In a curved spacetime there is simply no way to compare the velocity of two objects unless they are right next to each other. Also, in GR light always follows a null geodesic. Any observer at any event will always measure the relative speed of any local null geodesic to be c.

In GR you can assign any coordinate system you like to any spacetime. In these coordinate systems it is common to have light travel at speeds other than c. But there is no physical significance to the coordinate system.

Stephen Hawking said light will travel faster than c in a black hole but I think he's lost the plot a bit these days, light will travel at c in the vacuum end of story. Gravitational lensing may make it look like it is going faster or slower but speed=d/t will never be more than c.

DrGreg
Gold Member
Stephen Hawking said light will travel faster than c in a black hole but I think he's lost the plot a bit these days, light will travel at c in the vacuum end of story. Gravitational lensing may make it look like it is going faster or slower but speed=d/t will never be more than c.
As others have already indicated above, there's more than one way to measure speed in general relativity. Any observer, anywhere in the Universe, making a local measurement of light passing right by, using local rulers and local clocks, measures light to travel at c in vacuum. But if you try to measure light some distance away from you, you may well get a different answer. So if you are hovering outside a black hole, you can calculate the speed of light inside the event horizon to be greater than c, but if you fell into the hole and made a local measurement you would get c.
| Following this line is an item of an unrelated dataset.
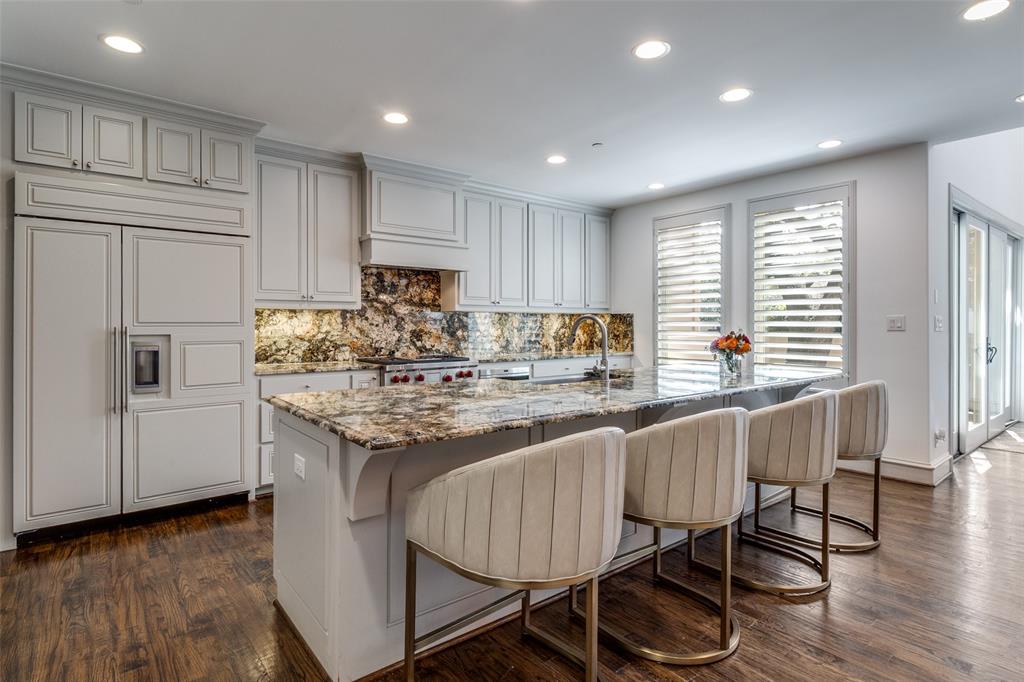 Courtyards Normandy - Residential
It's a bit like the problem cartographers have mapping the world on a flat piece of paper. Small areas (say, less than 50 miles / 100 km across) can be mapped pretty accurately. But if you try to draw a map representing thousands of miles, although part of the map may be accurate, another part will inevitably be on the wrong scale or have the wrong angles.

Hawking hasn't lost the plot.

As others have already indicated above, there's more than one way to measure speed in general relativity. Any observer, anywhere in the Universe, making a local measurement of light passing right by, using local rulers and local clocks, measures light to travel at c in vacuum. But if you try to measure light some distance away from you, you may well get a different answer. So if you are hovering outside a black hole, you can calculate the speed of light inside the event horizon to be greater than c, but if you fell into the hole and made a local measurement you would get c.

It's a bit like the problem cartographers have mapping the world on a flat piece of paper. Small areas (say, less than 50 miles / 100 km across) can be mapped pretty accurately. But if you try to draw a map representing thousands of miles, although part of the map may be accurate, another part will inevitably be on the wrong scale or have the wrong angles.

Hawking hasn't lost the plot.

Yes I'm aware of the Schwarzschild metric and the positional aspects not being quite the same as SR, what I'm referring to is c being inviolate in SR, nothing with mass can exceed .999...>c nothing massless can travel at less than c or propogate at less than c and presumably if such things exist nothing that travels faster than light can reach c, nor exceed it. That's what I was getting at.

Obviously it might seem as if light travelled faster than c if we put a massive gravitational field in front of a beam of light, that is gravitational lensing but if we look at distance and even adjusting for the bend in co-ordinates, or time dilation, nothing exceeds c at any point in the journey of the photon.

Well hawking does come out with some weird stuff lately.